§ Action item
Only the lines below from the one that contains "You'll know you're" through the one that contains "In batch processing, we" should appear in your answer, exact and without pictures.
BEGIN
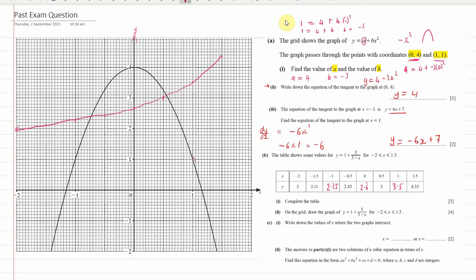Now we're going to write down the points where the graphs intersect. They intersect about here — going straight down it looks approximately minus 0.5, and then the other intersection is about positive 0.6. I don't know how accurate I've been, but about that.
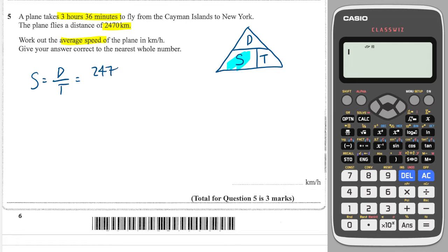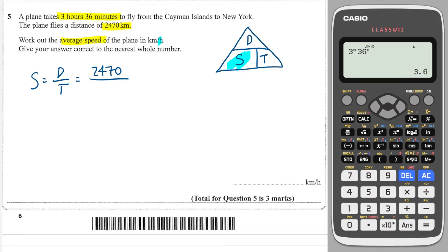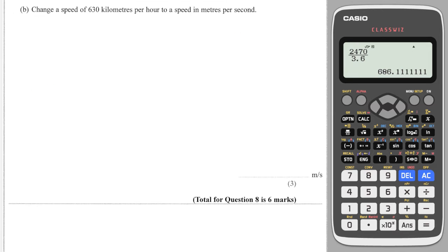So that is 2470 over the time. The time needs to be written in hours because we are working in kilometers per hour. On your calculator you can press the number, then the button underneath where it says 'fact', then press 36, press the button again, press equals, and it tells you it's 3 hours and 36 minutes. Press the S-to-D button and that tells you it is 18 over 5, or 3.6 hours. So you do 2470 over 3.6 and the answer is 686 to the nearest whole number.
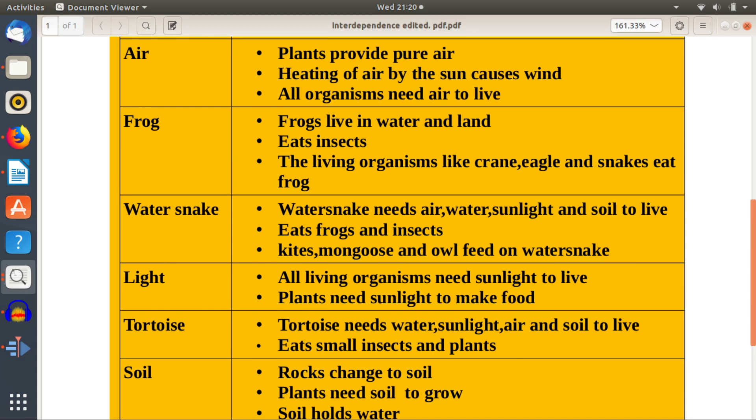Water snake needs air, water, sunlight, and soil to live. It eats frogs and insects, and kites, mongoose, and others feed on the water snake.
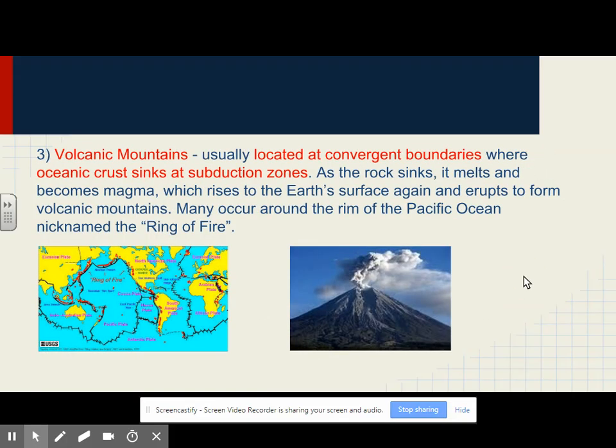Volcanic mountains are usually located at convergent boundaries where oceanic crust sinks at subduction zones. As the rock sinks, it melts and becomes magma, which rises to Earth's surface and erupts to form volcanic mountains. Many occur around the rim of the Pacific Ocean, nicknamed the Ring of Fire.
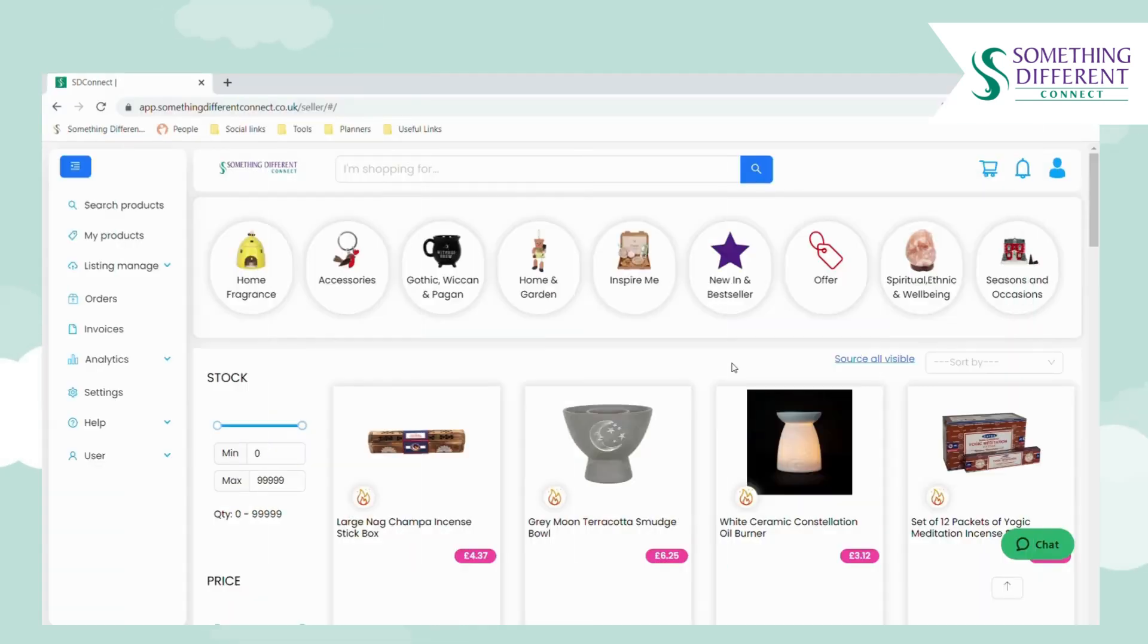Something Different Connect allows you to integrate with several different sales channels, but you can also still place orders manually on the platform. If you'd like to place an order manually for a customer, you can do this two ways.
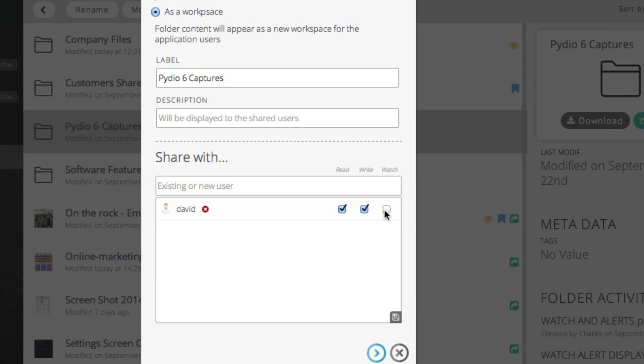If you enable the watch feature, your collaborator will receive an alert any time you make changes to this shared folder. You can easily add a new user to give them access to your shared folder workspace.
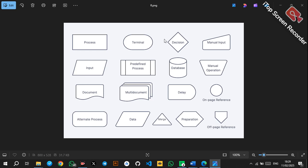Then we have the decision symbol, which is used to denote a condition. A condition is a Boolean expression — an expression that returns a yes or a no. So a condition should always have a yes or no outcome.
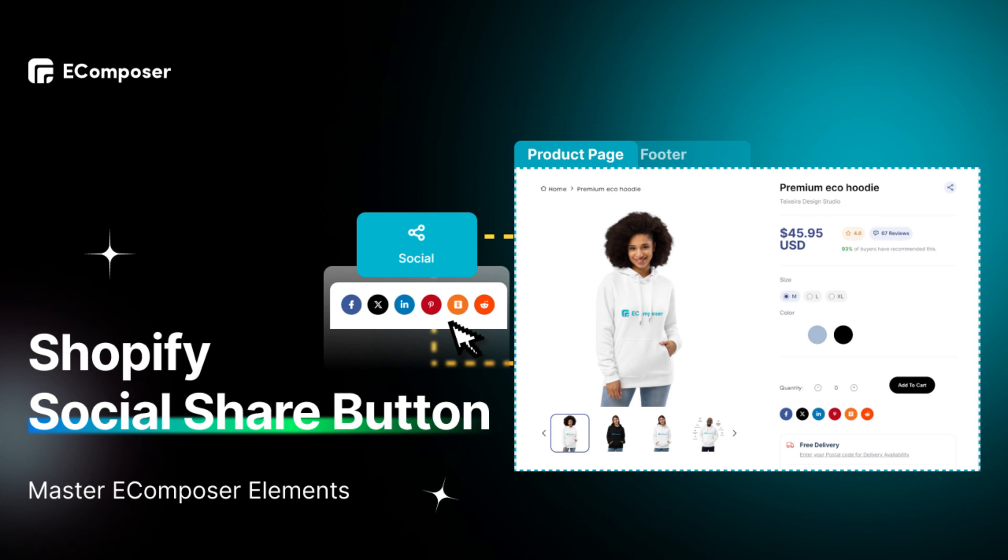Welcome to the series, Master eComposer Elements. Today's video will show you how to add a social element on any page using eComposer.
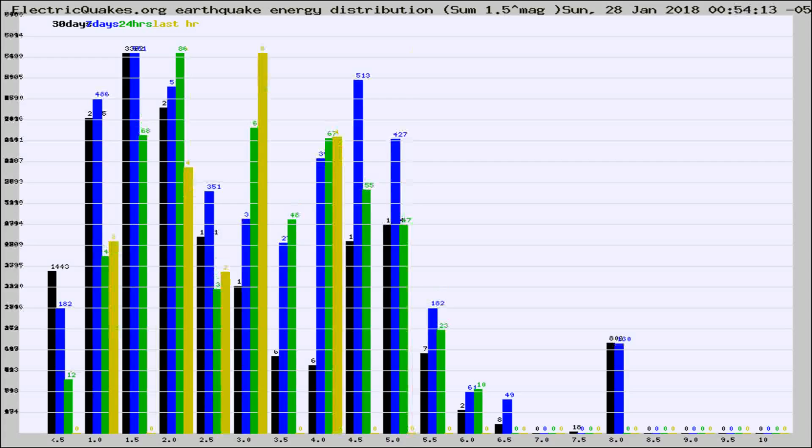Different colored columns are for 30 days, 7 days, 24 hours, and the last hour.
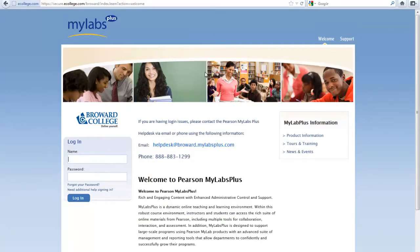You'll know you're in the right place when you see the Broward College logo. Where it says name, put in your student ID. And the password is the word Broward. Everyone's password is the same.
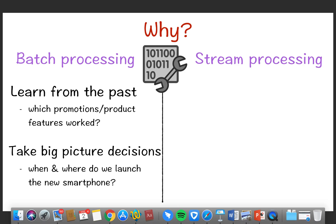In batch processing, we learn from the past — like which promotion or product feature worked well for us. We can analyze that data and take big-picture decisions, such as when to launch new smartphones or what kind of products performed well. Batch processing is used when we have these kinds of strategic questions.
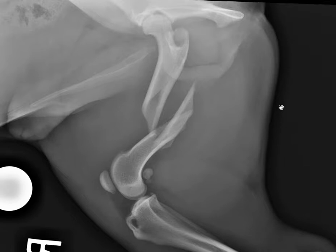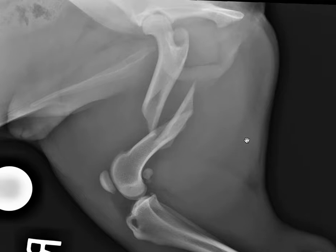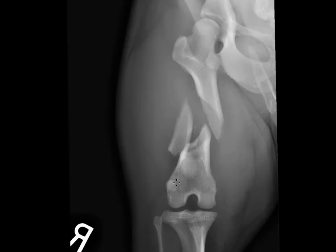For this fracture, I would say: in the mid-diaphysis of the right femur, there is a comminuted fracture with a large butterfly fragment, which is this piece here. Moderate caudolateral displacement — I conclude caudal based on this view, and I conclude lateral based on this view. Here's our butterfly fragment.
END
§ Output
You'll know you're in the right place when you see the Broward College logo. Where it says name, put in your student ID. And the password is the word Broward. Everyone's password is the same.
In batch processing, we learn from the past — like which promotion or product feature worked well for us. We can analyze that data and take big-picture decisions, such as when to launch new smartphones or what kind of products performed well. Batch processing is used when we have these kinds of strategic questions.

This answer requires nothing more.